Published online 2011 November 3. doi:  10.1093/cid/cir769
PMCID: PMC3245726

Fatal Outcomes in Family Transmission of Mycoplasma pneumoniae


Background. Mycoplasma pneumoniae continues to be a significant cause of community-acquired pneumonia and, on rare occasions, manifests as fulminant disease that leads to mortality, even in healthy individuals.

Methods. We conducted a retrospective study on members of a family who were quarantined by the Centers for Disease Control and Prevention in 2002 for respiratory failure and death of a 15-year-old brother (sibling 1) and a 13-year-old sister (sibling 2). Collected airway, cerebrospinal fluid (CSF), and serum samples from both deceased siblings and serum samples from both parents and the remaining 3 ill siblings (sibling 3–5) were tested using a range of diagnostic assays. Autopsy lung tissue samples from sibling 2 were also assessed using immunohistochemical and immunoelectron microscopic methods.
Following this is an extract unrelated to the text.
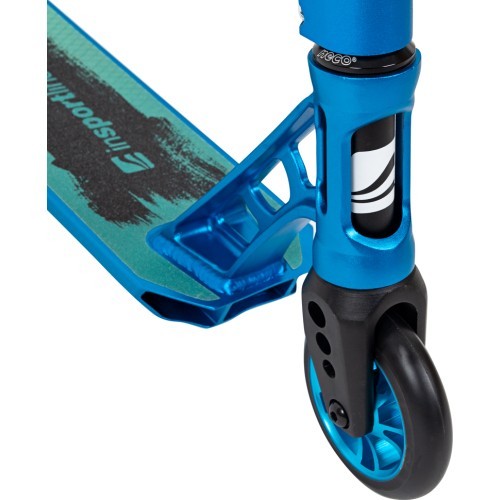 Freestyle paspirtukas inSPORTline Osprey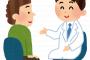 体調不良で病院行ったら医者と喧嘩になったｗｗｗｗｗｗｗｗ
Results. Autopsy evaluation of sibling 1 revealed cerebral edema consistent with hypoxic ischemic encepatholopathy and pulmonary findings of bronchiolitis obliterans with organizing pneumonia (BOOP). Postmortem lung examination of sibling 2 revealed lymphoplasmacytic bronchiolitis with intraluminal purulent exudate, BOOP, and pulmonary edema. Results of diagnostic assays implicated the household transmission of M. pneumoniae among all 5 siblings and both parents. Further analysis of lung tissue from sibling 2 demonstrated the presence of M. pneumoniae organisms and community-acquired respiratory distress syndrome toxin. M. pneumoniae was cultured directly from sibling 2 autopsy lung tissue.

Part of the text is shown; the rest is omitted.